Arguments concerning


nonmonotheistic conceptions (2)


Appeals to enlightenment experience


A


ppeals to religious experience as evidence for religious belief are
not, of course, limited to consideration of experiences that are taken
by their subjects to be experiences of God. Appeals are made to
enlightenment experiences as well. While, as noted earlier, the psychological
features (detachment, calm, bliss, and the like) of Advaita, Jain, and Buddhist
enlightenment experiences are very similar, their reported structure and their
proposed doctrinal significance are quite different. Enlightenment experiences
are not viewed by religious traditions in which they are prized as a sort of cosmic
Prozac; they are not primarily prized for their psychological features. They are
believed to cure, not remove symptoms, and the ills they are said to cure are not
depression, but the basic illness common to us all, as each particular religious
tradition perceives it. If a devotee of Advaita Vedanta appeals to Advaita
enlightenment experience as evidence for religious belief, it will be Advaita
beliefs that are said to be supported by the experience. Analogously, of course,
for Jain or Buddhist appeals to Jain or Buddhist enlightenment experiences.

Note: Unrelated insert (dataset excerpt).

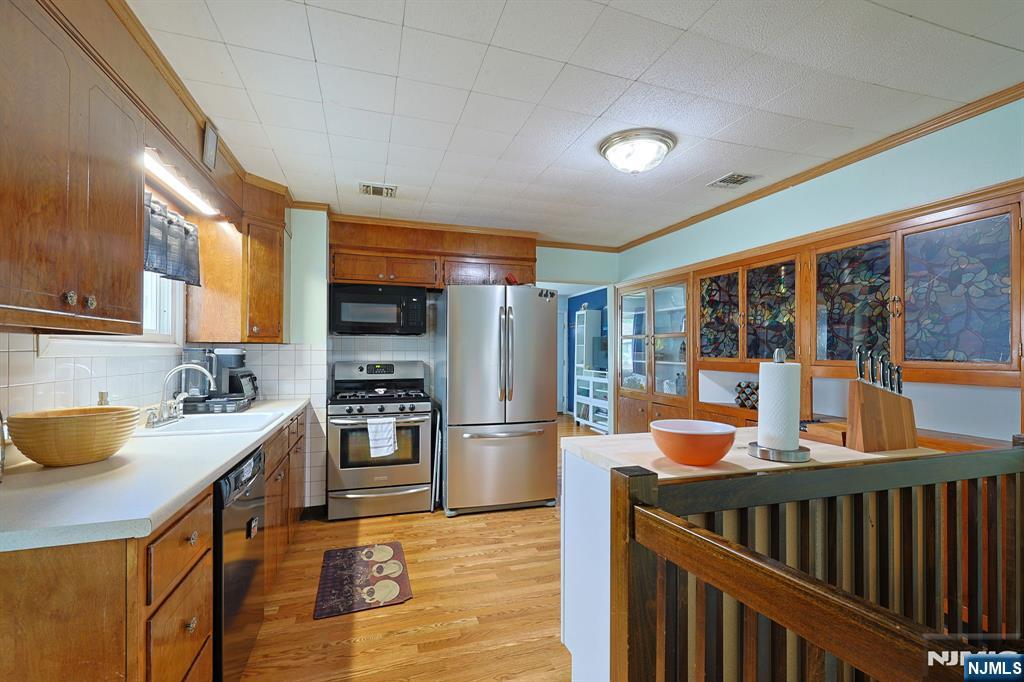 1429 Washington Avenue - Photo 5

The exact nature of the appeals to experiential evidence


An appeal to experience as evidence typically involves, as we have seen, referring
to a description of the experience and explicitly or implicitly assuming some
conceptual connection between the occurrence of an experience that fits that
description and the proposition for whose truth that occurrence is said to provide
evidence. The core idea is:


1 An experience that fits description D has occurred.
2 If an experience that fits description D has occurred, that fact is evidence that
proposition P is true. So:
3 That fact is evidence that P is true.